He swaps nervous messages with his wife, who worries in case he is arrested.
Initially he is denied a passport, as he is on a list of people under surveillance by the Cuban authorities. It proves to be a pivotal moment.
“I knew this was going to happen, but why does this get to me so much? I don’t want to be in this country anymore,” Enoa says on camera in the documentary.
In response to those protests, Cuba passed a social communication law.
It is the first law to target online media, and it gives the government the power to restrict content that is used to “propagandize in favor of the war of a foreign state hostile to the interests of the nation.”
The Cuban Institute for the Freedom of Expression and Press (ICLEP) says the new media law is another tool for the government to suppress the freedom of the media.
“This is another law of censorship which defends the interest of the Cuban dictatorship,” Normando Hernandez, ICLEP general director, told VOA. “It is a law which maintains the illegality of the independent media and criminalizes the freedom of the press which is not under government control.”
VOA contacted the Cuban Embassy in Madrid and the government’s International Press Center in Havana for a response about the findings by ICLEP. No one responded to either request for comment.
The price of exile
Legal threats and surveillance drive many Cubans into exile.
But as the film “Isla Familia” shows, transitioning to live in a free country with a young family can be a cultural shock.
Negotiating the Barcelona metro appears scary. “How deep is it?” asks Enoa.
Exile carries a cost as he tries to speak to relatives back home on faltering telephone lines and cannot send condolences when his grandmother dies.
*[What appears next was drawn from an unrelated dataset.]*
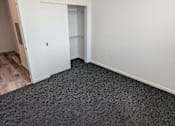 Thumbnail 17 of 20 - A room with a carpeted floor and a ceiling fan.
His wife can return to Cuba with their son, but Enoa is, in effect, barred.
When Calvino does arrive in Cuba to see family during a temporary visit, she sees her husband’s face on television, where he is once again accused of working for the United States.
Left back in Spain, it is hard for Enoa being away from his family.
“That was the most difficult moment of my life — when I realized the importance of family, and without my wife and my son, I was all on my own,” Enoa told VOA.
Enoa and Calvino have been granted Spanish citizenship and are building a life in Spain. But the journalist knows he cannot return home because of the risk of arrest.
“Of course I miss it terribly,” he said.